Me contou, chegando mais perto, mirando a fala pro chão, que há pouco mais de dois meses havia se apaixonado novamente. Quase setenta anos. Após passado o luto da perda da companheira de uma vida inteira, reencontrou uma amiga dos tempos de moço, com quem tinha tido um namoro breve. Na época, ela era muito intempestiva, briguenta e ele não queria compromisso. Afastaram-se. Para surpresa dele, também era viúva recente. História de novela. Voltaram a se conversar, a se fazerem companhia, voltaram a se amar, depois de mais de cinco décadas.

Ainda era amor puro, deixou claro pra mim. Gostavam de passear, jantar juntos, conversar por um tempão embaixo da oiticica centenária do quintal. Nem beijo havia acontecido ainda. Duas crianças namorando sem a outra saber. Questão de tempo. Tempo que não tinham, mas nem por isso faziam questão de apressar. Deu a hora do show e Seu Inácio me deixou ali, com meus pensamentos. E não é que o amor nem sempre vem do novo? Talvez você possa se apaixonar outra vez por alguém que já passou. Pelo que ela se tornou com o passar do tempo.

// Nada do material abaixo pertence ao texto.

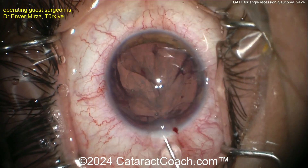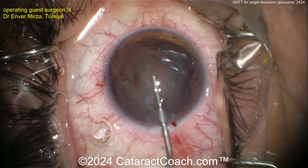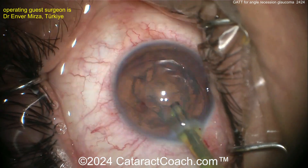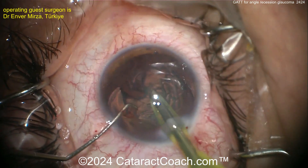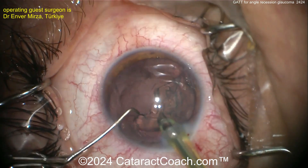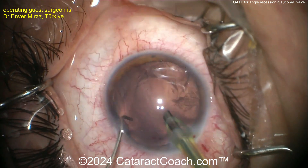Wow, that was so efficient. Making Cataract Coach videos, I learn so much — it's unbelievable. I learned in this video that when you make that parisadesis for seating the suture, just make it very tangential. Now nucleus removal is a snap because it's a very soft lens — just aspirating it out like that in just a second or two. Beautifully done.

A gente olha, não adianta, sempre para o novo. A gente imagina que o amor vem pela porta da frente. Talvez não. Talvez você não precise contar toda sua história novamente, talvez você não precise justificar suas manias, talvez você possa viver novas memórias com alguém do passado. Talvez. Há gente que não muda, claro. Gente que não escuta as prosas do tempo, que não aprende com os próprios erros, gente que só seria em nossas vidas o mesmo erro, como um filme reprisado até o cansaço na Sessão da Tarde. Não há segurança, não há garantias. Assim é todo amor novo. Basta deixar-se apaixonar outra vez.